→ **Problem statement**
Please quote exactly the lines below from the line containing "Resenkos Electric Ride-on" to the line containing "Porte-conteneurs - Sweat", both lines included, and nothing else.

→ **Data for analysis**
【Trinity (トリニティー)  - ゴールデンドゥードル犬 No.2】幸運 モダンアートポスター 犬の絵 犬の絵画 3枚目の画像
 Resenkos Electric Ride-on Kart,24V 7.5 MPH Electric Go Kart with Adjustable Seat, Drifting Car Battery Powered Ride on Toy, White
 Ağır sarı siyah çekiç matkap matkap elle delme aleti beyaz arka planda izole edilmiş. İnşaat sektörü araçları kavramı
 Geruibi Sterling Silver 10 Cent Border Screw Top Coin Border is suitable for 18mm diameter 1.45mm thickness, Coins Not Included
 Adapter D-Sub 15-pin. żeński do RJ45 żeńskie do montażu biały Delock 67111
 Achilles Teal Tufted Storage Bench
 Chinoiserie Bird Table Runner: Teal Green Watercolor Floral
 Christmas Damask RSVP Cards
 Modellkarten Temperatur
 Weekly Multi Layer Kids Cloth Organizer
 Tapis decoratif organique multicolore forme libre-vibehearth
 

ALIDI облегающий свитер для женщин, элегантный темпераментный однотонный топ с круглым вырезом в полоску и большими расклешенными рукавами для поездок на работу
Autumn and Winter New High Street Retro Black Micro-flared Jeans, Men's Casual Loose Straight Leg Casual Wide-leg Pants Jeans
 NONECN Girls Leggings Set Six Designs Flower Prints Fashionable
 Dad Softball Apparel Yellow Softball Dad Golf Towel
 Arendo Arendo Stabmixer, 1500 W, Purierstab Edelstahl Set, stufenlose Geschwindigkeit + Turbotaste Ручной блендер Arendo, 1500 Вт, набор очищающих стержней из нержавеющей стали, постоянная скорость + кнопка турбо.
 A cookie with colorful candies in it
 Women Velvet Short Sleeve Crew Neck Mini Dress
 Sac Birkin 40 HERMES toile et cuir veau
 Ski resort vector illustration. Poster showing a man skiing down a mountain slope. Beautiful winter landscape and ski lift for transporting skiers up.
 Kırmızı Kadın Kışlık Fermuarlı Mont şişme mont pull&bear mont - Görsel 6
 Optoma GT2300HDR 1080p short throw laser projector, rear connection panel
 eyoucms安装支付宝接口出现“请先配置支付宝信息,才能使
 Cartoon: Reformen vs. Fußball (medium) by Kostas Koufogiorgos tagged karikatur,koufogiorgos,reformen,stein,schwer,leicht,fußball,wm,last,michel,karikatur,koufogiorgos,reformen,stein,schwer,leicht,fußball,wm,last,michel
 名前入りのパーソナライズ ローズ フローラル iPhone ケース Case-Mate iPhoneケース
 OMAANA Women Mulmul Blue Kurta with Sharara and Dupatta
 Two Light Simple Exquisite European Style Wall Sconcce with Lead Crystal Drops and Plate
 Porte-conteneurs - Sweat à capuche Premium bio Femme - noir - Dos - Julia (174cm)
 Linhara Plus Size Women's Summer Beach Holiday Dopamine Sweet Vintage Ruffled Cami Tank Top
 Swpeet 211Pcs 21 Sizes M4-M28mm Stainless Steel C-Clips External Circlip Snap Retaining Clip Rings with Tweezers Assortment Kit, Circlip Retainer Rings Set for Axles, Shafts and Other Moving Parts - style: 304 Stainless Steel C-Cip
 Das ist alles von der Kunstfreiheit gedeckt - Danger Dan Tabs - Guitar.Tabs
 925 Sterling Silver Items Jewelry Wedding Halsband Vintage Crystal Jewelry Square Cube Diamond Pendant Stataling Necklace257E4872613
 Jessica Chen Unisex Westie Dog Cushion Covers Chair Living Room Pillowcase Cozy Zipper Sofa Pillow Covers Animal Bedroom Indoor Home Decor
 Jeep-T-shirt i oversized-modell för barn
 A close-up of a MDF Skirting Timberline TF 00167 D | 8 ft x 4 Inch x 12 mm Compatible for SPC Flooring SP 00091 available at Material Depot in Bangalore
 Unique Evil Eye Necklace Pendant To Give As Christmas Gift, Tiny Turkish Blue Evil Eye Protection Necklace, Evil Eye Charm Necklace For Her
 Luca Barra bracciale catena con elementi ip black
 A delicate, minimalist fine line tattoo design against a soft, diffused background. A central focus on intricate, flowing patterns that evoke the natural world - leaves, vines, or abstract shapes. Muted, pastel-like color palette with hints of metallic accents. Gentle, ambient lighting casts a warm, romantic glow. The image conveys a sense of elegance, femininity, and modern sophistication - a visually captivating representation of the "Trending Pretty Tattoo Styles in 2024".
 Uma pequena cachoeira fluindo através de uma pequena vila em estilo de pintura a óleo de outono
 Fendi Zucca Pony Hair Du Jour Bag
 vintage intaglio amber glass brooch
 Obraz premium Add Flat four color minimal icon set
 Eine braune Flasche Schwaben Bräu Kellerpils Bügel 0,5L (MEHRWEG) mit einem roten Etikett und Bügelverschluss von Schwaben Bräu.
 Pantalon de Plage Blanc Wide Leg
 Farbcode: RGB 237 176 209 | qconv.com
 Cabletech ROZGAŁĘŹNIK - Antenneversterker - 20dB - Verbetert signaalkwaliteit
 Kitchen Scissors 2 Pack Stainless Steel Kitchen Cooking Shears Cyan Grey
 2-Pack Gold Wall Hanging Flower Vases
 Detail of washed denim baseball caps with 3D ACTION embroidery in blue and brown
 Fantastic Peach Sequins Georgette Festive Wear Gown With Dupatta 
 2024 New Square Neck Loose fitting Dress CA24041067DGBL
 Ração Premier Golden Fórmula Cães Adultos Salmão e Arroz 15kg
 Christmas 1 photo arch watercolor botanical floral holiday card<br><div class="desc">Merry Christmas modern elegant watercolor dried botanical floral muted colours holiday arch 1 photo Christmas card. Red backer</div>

→ **Response to the task**
 Resenkos Electric Ride-on Kart,24V 7.5 MPH Electric Go Kart with Adjustable Seat, Drifting Car Battery Powered Ride on Toy, White
 Ağır sarı siyah çekiç matkap matkap elle delme aleti beyaz arka planda izole edilmiş. İnşaat sektörü araçları kavramı
 Geruibi Sterling Silver 10 Cent Border Screw Top Coin Border is suitable for 18mm diameter 1.45mm thickness, Coins Not Included
 Adapter D-Sub 15-pin. żeński do RJ45 żeńskie do montażu biały Delock 67111
 Achilles Teal Tufted Storage Bench
 Chinoiserie Bird Table Runner: Teal Green Watercolor Floral
 Christmas Damask RSVP Cards
 Modellkarten Temperatur
 Weekly Multi Layer Kids Cloth Organizer
 Tapis decoratif organique multicolore forme libre-vibehearth
 

ALIDI облегающий свитер для женщин, элегантный темпераментный однотонный топ с круглым вырезом в полоску и большими расклешенными рукавами для поездок на работу
Autumn and Winter New High Street Retro Black Micro-flared Jeans, Men's Casual Loose Straight Leg Casual Wide-leg Pants Jeans
 NONECN Girls Leggings Set Six Designs Flower Prints Fashionable
 Dad Softball Apparel Yellow Softball Dad Golf Towel
 Arendo Arendo Stabmixer, 1500 W, Purierstab Edelstahl Set, stufenlose Geschwindigkeit + Turbotaste Ручной блендер Arendo, 1500 Вт, набор очищающих стержней из нержавеющей стали, постоянная скорость + кнопка турбо.
 A cookie with colorful candies in it
 Women Velvet Short Sleeve Crew Neck Mini Dress
 Sac Birkin 40 HERMES toile et cuir veau
 Ski resort vector illustration. Poster showing a man skiing down a mountain slope. Beautiful winter landscape and ski lift for transporting skiers up.
 Kırmızı Kadın Kışlık Fermuarlı Mont şişme mont pull&bear mont - Görsel 6
 Optoma GT2300HDR 1080p short throw laser projector, rear connection panel
 eyoucms安装支付宝接口出现“请先配置支付宝信息,才能使
 Cartoon: Reformen vs. Fußball (medium) by Kostas Koufogiorgos tagged karikatur,koufogiorgos,reformen,stein,schwer,leicht,fußball,wm,last,michel,karikatur,koufogiorgos,reformen,stein,schwer,leicht,fußball,wm,last,michel
 名前入りのパーソナライズ ローズ フローラル iPhone ケース Case-Mate iPhoneケース
 OMAANA Women Mulmul Blue Kurta with Sharara and Dupatta
 Two Light Simple Exquisite European Style Wall Sconcce with Lead Crystal Drops and Plate
 Porte-conteneurs - Sweat à capuche Premium bio Femme - noir - Dos - Julia (174cm)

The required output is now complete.